Many authors ponder about how to make the fiction stories appealing to children. What about non-fiction? Sometimes when people think of factual stories or articles they immediately think “bor-ing.” But there are things you can do to make your non-fiction story or article memorable. Here are some ideas:
Create an opening that is fun and interesting: Children are generally not known for patience, especially when it comes to reading a story. If you don’t win them over in the first paragraph, you’ve lost the battle. One way to capture their attention is to start with a little known fact. You might mention that Benjamin Franklin was one of seventeen children! Imagine what an adventure it must have been for his parents just to gather them together at each meal. I wonder if they had food fights.
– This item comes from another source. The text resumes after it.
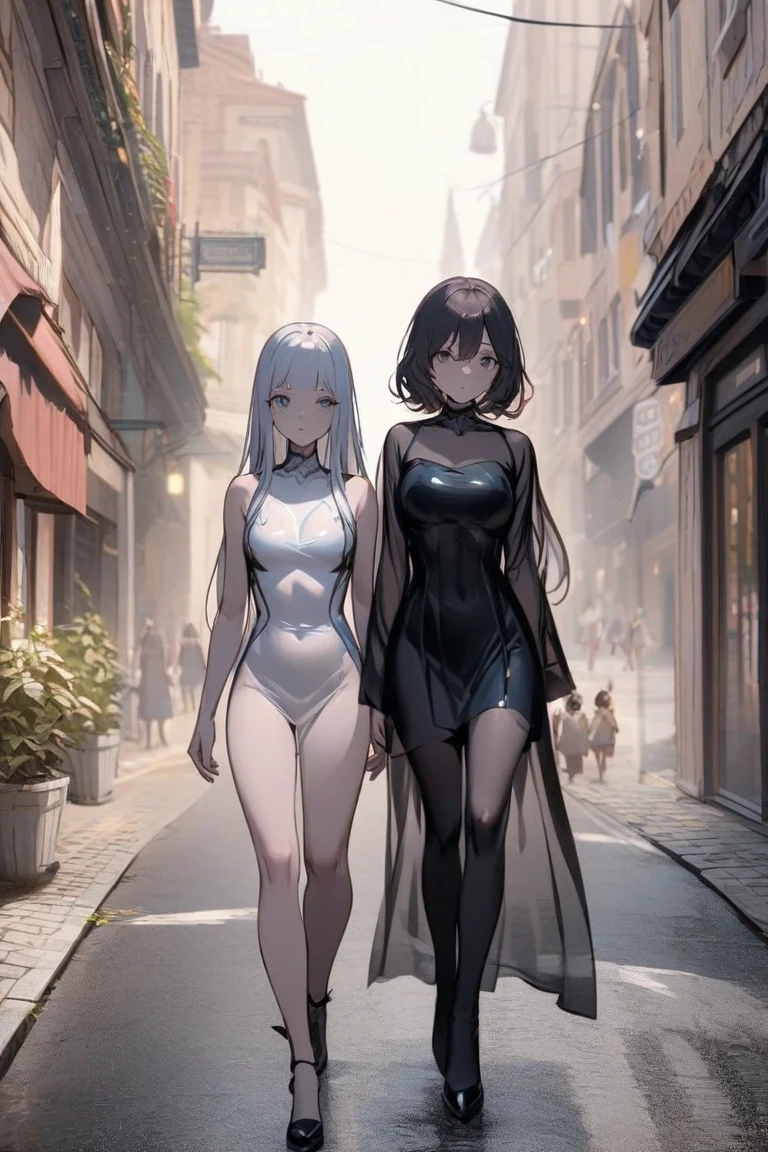 ((best quality)), ((masterpiece)), (detailed), perfect face a beautiful white-toned girl with black and silver hair wearing glasses and skin-fit black clothes, green eyes, glossy skin. detailed skin, pink lips with a spear in hand a tiara on her head, full body display walking through an alley, not naked,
Ask a question: You might ask a question, such as “What happened to Wilma Rudolph when she was small? Then you could discuss the fact that she had polio and Scarlet Fever when she was young. Isn’t it amazing that she became an Olympic track star?
Sprinkle antidotes here and there: See if you can find bits of generally obscure anecdotes to scatter throughout your story. For example, everyone knows that George Washington was our first president. but do you realize that he was passionate about table manners? He wrote several books about manners. Did you know that George Washington always had trouble with spelling? He had to ponder words like “cough”. Was it ‘cough” or “coff?” Most people are aware that Thomas Edison was a renowned inventor. But do they know he loved to read? Do most children remember that Teddy Roosevelt was passionate about Science and he read constantly while he was recovering from bouts with Asthma?
Now you have some new ideas on how to make your non-fiction article or story remarkable.